Journeyman was busy with bathroom lights and assigned this to me. We had to reschedule to finish the garage. There is no power to the GFCI at all.


----------



## Black Dog (Oct 16, 2011)

DoctorZinsco said:


> Journeyman was busy with bathroom lights and assigned this to me. We had to reschedule to finish the garage. There is no power to the GFCI at all.


What is above the Garage?


----------



## DoctorZinsco (Feb 28, 2015)

playroom/bar accessible from the main part of the house. plugs in that room are wired in 14 off of the lighting circuit.


----------



## Black Dog (Oct 16, 2011)

DoctorZinsco said:


> playroom/bar accessible from the main part of the house. plugs in that room are wired in 14 off of the lighting circuit.


What is behind the wall of the playroom?


----------



## aftershockews (Dec 22, 2012)

Hook a toner to it and see if you can trace it.
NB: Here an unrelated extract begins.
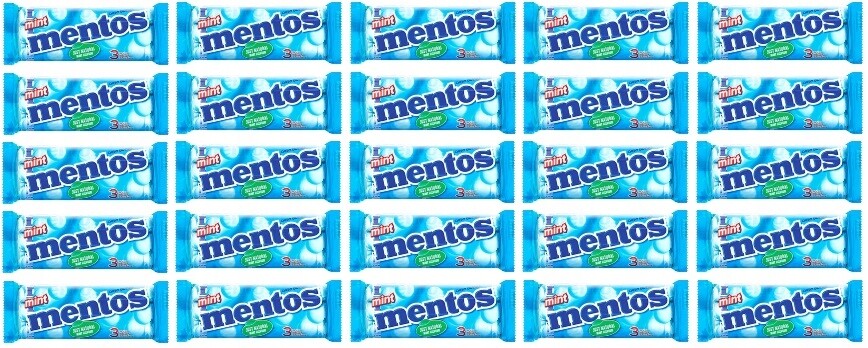 25x 114g Mentos Mint mátové bonbóny balení po 3 ks v krabičce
I bet it is fed from another GFCI receptacle that it open, or you have a breaker open.


----------



## jarhead0531 (Jun 1, 2010)

Biggest mistake rookies make is assuming that gfi isn't being fed from another gfi someplace else in the house. 

It is real simple to check this. Ohm out between the neutral and ground on your line side, if it is open you have a gfi upstream that is still tripped. If the neutral has continuity with ground no gfi upstream and you have a break in the hot someplace. For me this is ALWAYS the first test on exterior/garage/bathroom/kitchen outlets.

Hope that helps.


----------



## JohnJ65 (May 8, 2008)

jarhead0531 said:


> Biggest mistake rookies make is assuming that gfi isn't being fed from another gfi someplace else in the house.
> 
> It is real simple to check this. Ohm out between the neutral and ground on your line side, if it is open you have a gfi upstream that is still tripped. If the neutral has continuity with ground no gfi upstream and you have a break in the hot someplace. For me this is ALWAYS the first test on exterior/garage/bathroom /kitchen outlets.
> 
> Hope that helps.


That is some great troubleshooting advice that I have never though to use. Thank you.


----------



## farmantenna (Nov 22, 2012)

Like others have said. use a tracer and look for a wire with a grounded neutral.that's the homerun or the feed from the panel. If you don't have a grounded neutral you don't a feed or gfci stopped it.


----------



## Shockdoc (Mar 4, 2010)

Doctor Zinsco? Damn that is a brand most people look to forget. 
Did you run continuity test between N &G at the cables in the Gfci box? That alone will tell you if the HR is connected at panel or if the 9" sawzall blade the HVAC helper used to cut in a register destroyed. It.


----------



## grahamgerad5 (Mar 3, 2015)

Hello 


Sent from my iPhone using Tapatalk


----------



## aftershockews (Dec 22, 2012)

Any update on this? I would hate for it just be a drive-by.


----------



## Meadow (Jan 14, 2011)

ibtl


----------



## aftershockews (Dec 22, 2012)

Ok, it's Wednesday and no update on this. Did the customer fire the OP?:001_huh:


----------



## Shockdoc (Mar 4, 2010)

aftershockews said:


> Any update on this? I would hate for it just be a drive-by.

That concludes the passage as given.